Stanbic Bank Kenya Limited v Bank of South Sudan & another (Civil Application E592 of 2024) [2025] KECA 495 (KLR) (21 March 2025) (Ruling)

Stanbic Bank Kenya Limited v Bank of South Sudan & another (Civil Application E592 of 2024) [2025] KECA 495 (KLR) (21 March 2025) (Ruling)

1.The applicant, Stanbic Bank Kenya Ltd, has moved the Court through the notice of motion dated 28th October 2024 brought under section 3 of the Appellate Jurisdiction Act and rules 1 (2), 5 (2) (b), 47 and 49 of the Court of Appeal Rules seeking an order staying further proceedings in Nairobi H.C. COMM. No. 413 of 2018; Air Afrik Aviation Ltd vs. Stanbic Bank Kenya Ltd & Another pending the hearing and determination of an intended appeal against the ruling issued by Prof. Sifuna J. on 7th October 2024. The applicant also prays that the costs of the application be provided for. The application is premised on the grounds elucidated on its face as well as the deposition in the supporting affidavit sworn on 28th October 2024 by Janet Wanjohi Kabiru, the head of the applicant’s Legal Department. Two further affidavits were sworn in response to the 1st respondent’s replying affidavit by the applicant’s counsel, Diana Ogula, on 14th November 2024, and Senior Counsel Kamau Karori on 15th November 2024.
2.Briefly, the applicant had filed before the trial court an application dated 2nd October 2024 seeking the recusal of Prof. Sifuna J. from hearing the claim that had been filed by Air Afrik Aviation Ltd (the 1st respondent herein), against it as the 1st defendant and the Bank of South Sudan (the 2nd respondent herein) as the 2nd defendant. In a ruling delivered on 7th October 2024, the learned Judge dismissed the application.
3.In support of the motion, the applicant contends that it has an arguable appeal against the ruling, averring that the learned Judge erred both in fact and law. The applicant listed 18 grounds of appeal both in the application and in the annexed draft memorandum of appeal. The applicant avers that if the proceedings are not stayed, it will effectively be denied the right to be heard by an impartial court, which right is protected by Article 50(1) of the Constitution. The applicant’s plea is that an order of stay be issued to preserve the subject matter of appeal. It is the applicant’s assertion that the respondents will not be prejudiced by the issuance of a stay order. Finally, the applicant discloses that a notice of appeal has been filed against the impugned ruling and a request for the typed proceedings has been made.

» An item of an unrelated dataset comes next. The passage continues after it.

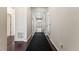 Inviting hallway with hardwood floors and neutral paint at 1388 Castle Creek Cir, Castle Rock, CO 80104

4.The 1st respondent opposed the application through a replying affidavit sworn by its director, Eric Agolla Lugalia, on 14th November 2024. The deponent gave a historical perspective of the proceedings before the High Court and maintained that the intended appeal is not arguable. He also opposes the application on the grounds that an order staying the proceedings will negatively impact the 1st respondent’s right to access justice and the right to be heard without unreasonable delay, noting that the matter was filed over 8 years ago. The deponent faults the applicant for the delays occasioned in the progression of the suit before the trial court. It is the 1st respondent’s position that the intended appeal will not be rendered nugatory since the applicant will have an opportunity to file an appeal before the Court should it be aggrieved by the final outcome of the matter.
5.The 2nd respondent also filed an affidavit of Hon. Biong Pieng Kuol Arop sworn on 22nd November 2024, opposing the application. However, the same was withdrawn since it had been filed outside the timelines provided in the Court’s directions.
6.When the application came up for hearing, Mr. Kamau Karori, Senior Counsel and learned counsel Ms. Ogula appeared for the applicant, learned counsel Mr. Kagwimi Kangethe appeared for the 1st respondent while Mr. Ahmednasir Abdullahi, Senior Counsel, appeared for the 2nd respondent. Counsel for the applicant and the 1st respondent relied on their filed submissions while also making brief oral highlights at the hearing. Counsel for the 2nd respondent made oral submissions, having withdrawn the filed submissions upon application by counsel for the applicant for having been filed late.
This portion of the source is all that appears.